> **TASK**: With the pictures left out, restate exactly the part below that opens with the line containing "Mulher sentada com" and closes with the line containing "a bedroom with".

> **DATASET**:
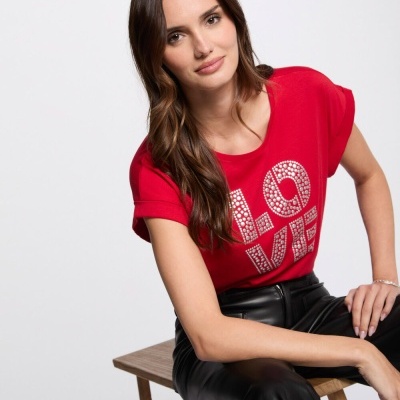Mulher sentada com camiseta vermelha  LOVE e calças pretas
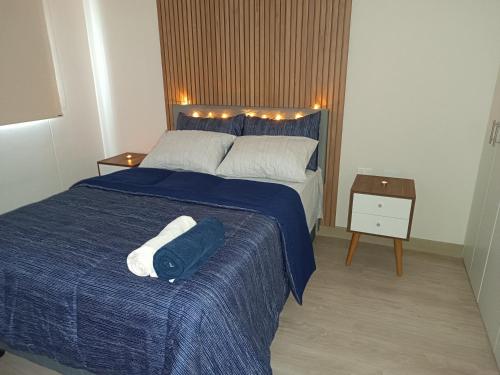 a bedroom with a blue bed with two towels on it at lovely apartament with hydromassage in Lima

--

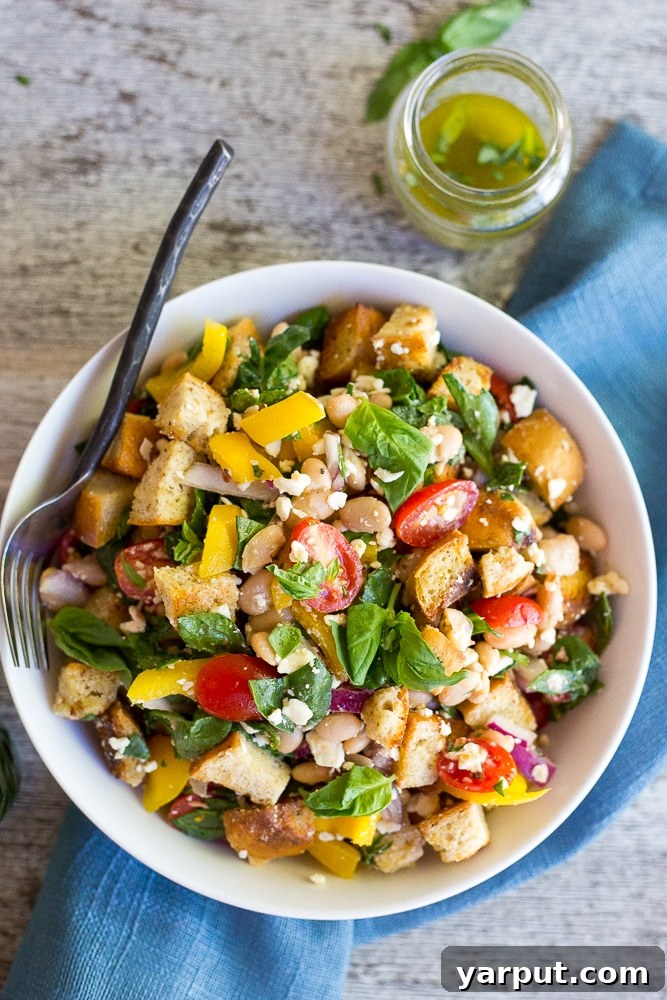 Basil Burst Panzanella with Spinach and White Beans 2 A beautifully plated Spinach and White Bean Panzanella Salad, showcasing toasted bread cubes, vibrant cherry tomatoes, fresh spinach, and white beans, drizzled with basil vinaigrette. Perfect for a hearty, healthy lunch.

> **TASK OUTPUT**:
Mulher sentada com camiseta vermelha  LOVE e calças pretas
 a bedroom with a blue bed with two towels on it at lovely apartament with hydromassage in Lima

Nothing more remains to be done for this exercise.